START THE DATA

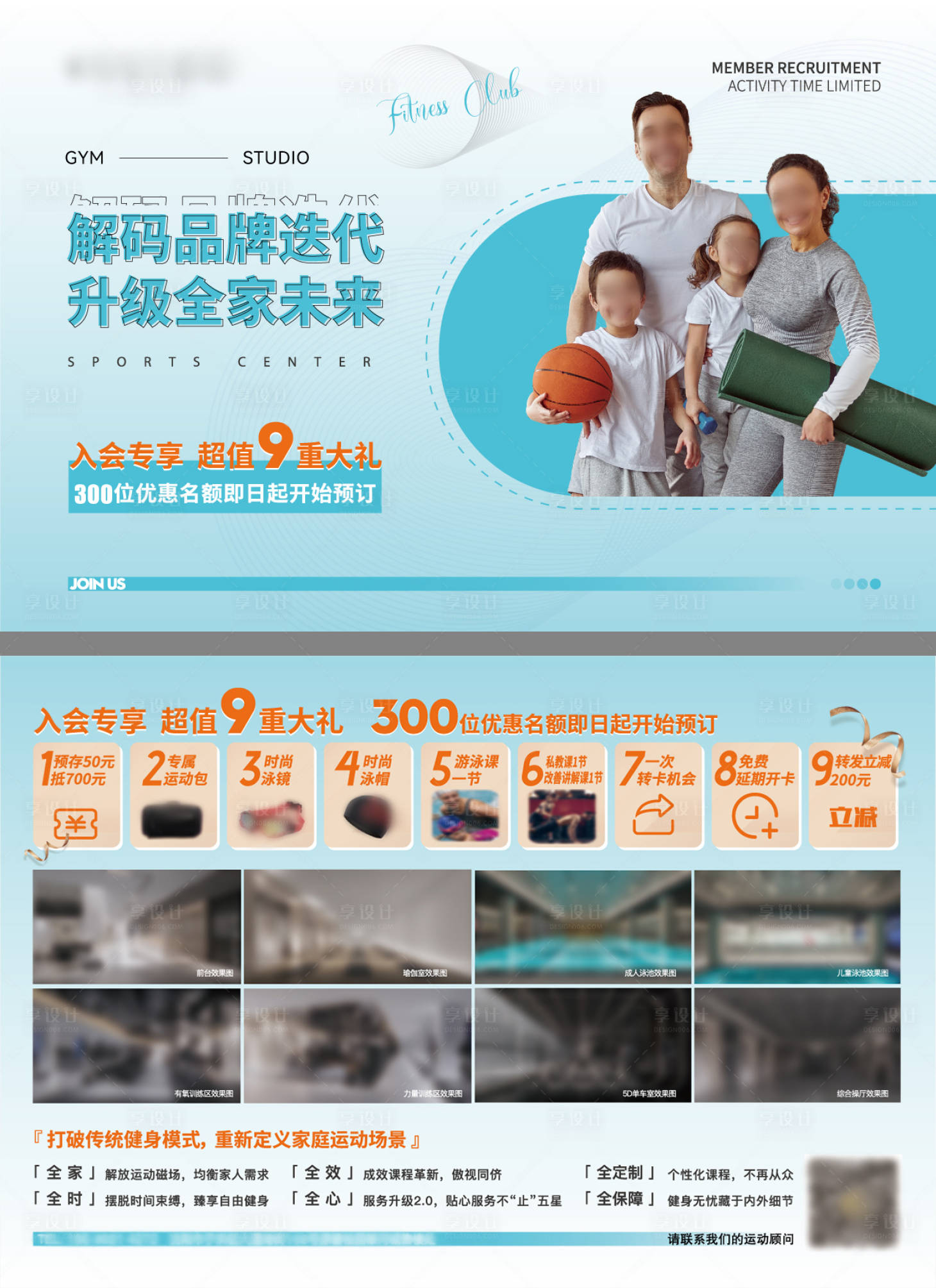 源文件下载【享设计】搜索编号：79250031257786115【健身房DM海报】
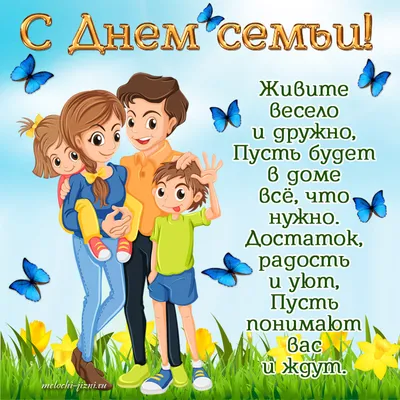 15 мая – Международный день семьи - Единый день здоровья - УЗ \"13-я  городская поликлиника\"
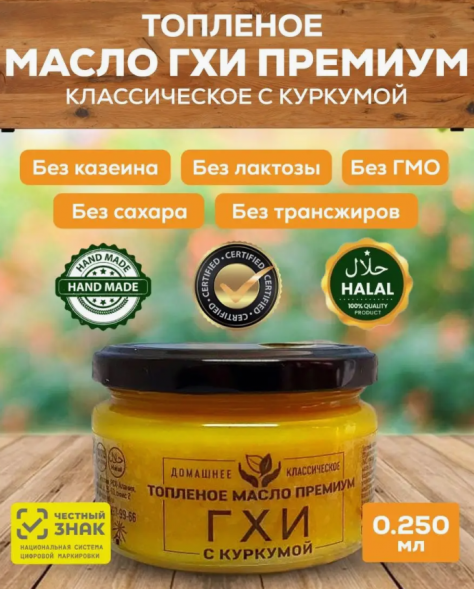 Топленое масло Гхи с куркумой в стеклянной банке (Соломон Групп Ghee) 250 мл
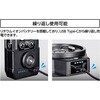 69748 自動追尾回転台 受光器セットLEXIAレッド用 シンワ測定 04915877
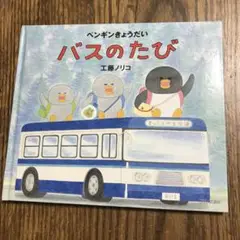 ペンギンきょうだい　バスのたび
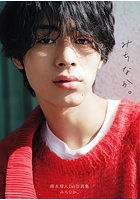【小学館】みちなか。蒔木瑠人1st写真集 蒔木瑠人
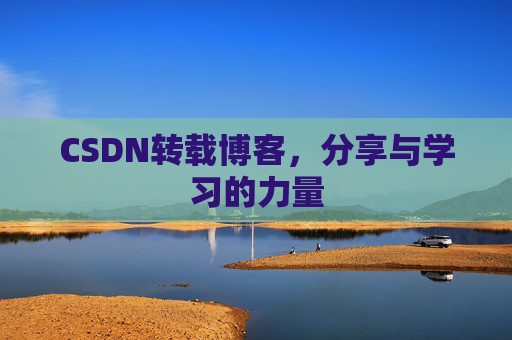CSDN转载博客,分享与学习的力量
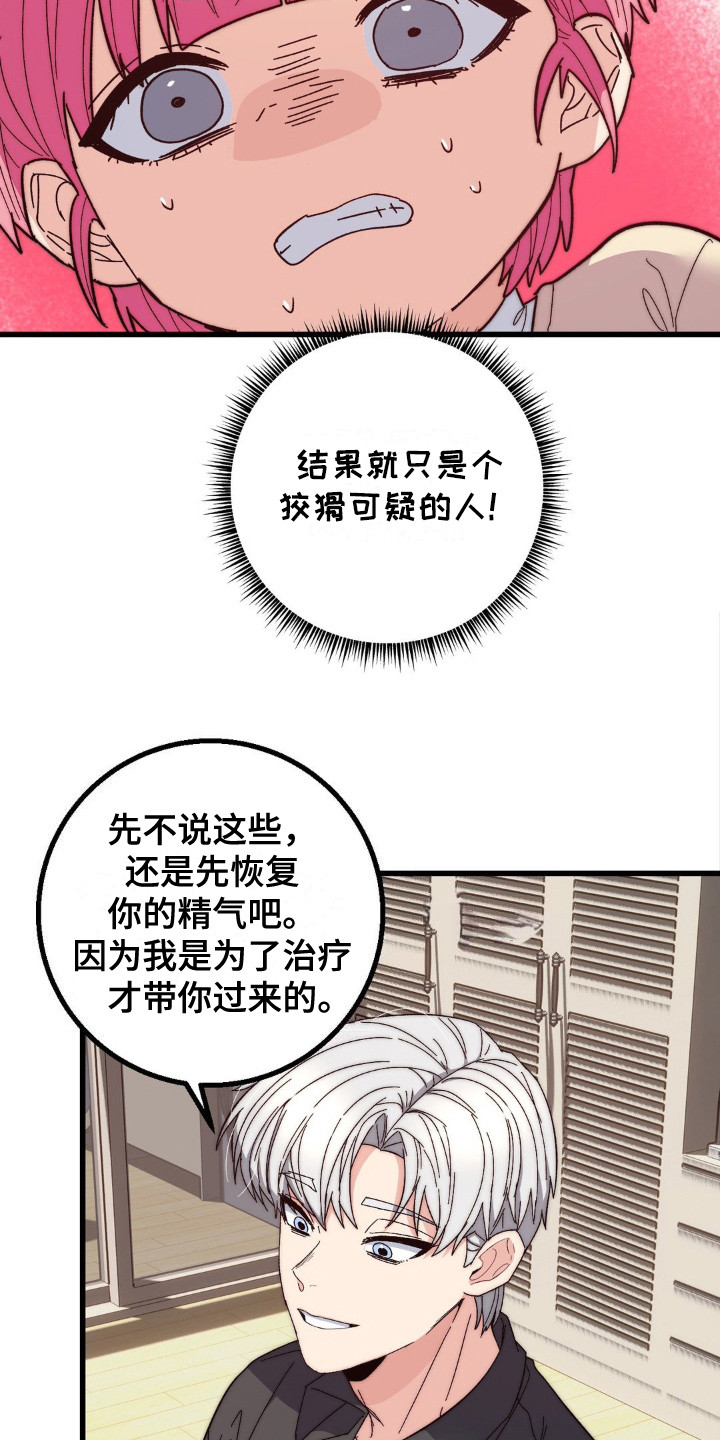 甜蜜共生漫画,第20章：精气2图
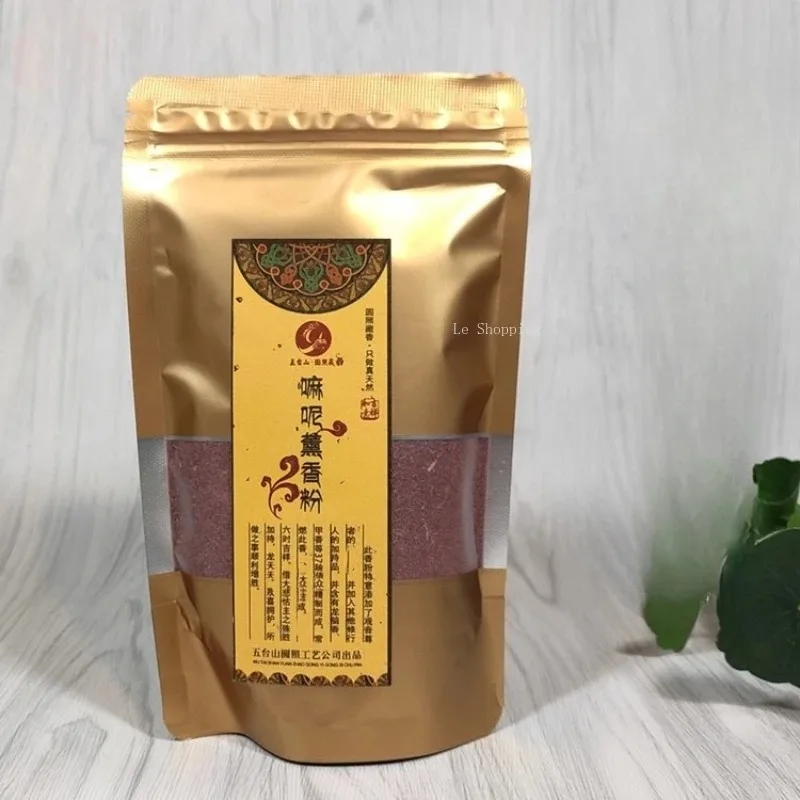 Tibetan Incense Powder Upper Offering Lower Shi Smoke Offering Incense Powder Temple Worship Sacrificial Ceremonies Supplies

END THE DATA

Print the material above exactly as it appears, but not its pictures.

#### SOLUTION:
 源文件下载【享设计】搜索编号：79250031257786115【健身房DM海报】
 15 мая – Международный день семьи - Единый день здоровья - УЗ \"13-я  городская поликлиника\"
 Топленое масло Гхи с куркумой в стеклянной банке (Соломон Групп Ghee) 250 мл
 69748 自動追尾回転台 受光器セットLEXIAレッド用 シンワ測定 04915877
 ペンギンきょうだい　バスのたび
【小学館】みちなか。蒔木瑠人1st写真集 蒔木瑠人
CSDN转载博客,分享与学习的力量
 甜蜜共生漫画,第20章：精气2图
 Tibetan Incense Powder Upper Offering Lower Shi Smoke Offering Incense Powder Temple Worship Sacrificial Ceremonies Supplies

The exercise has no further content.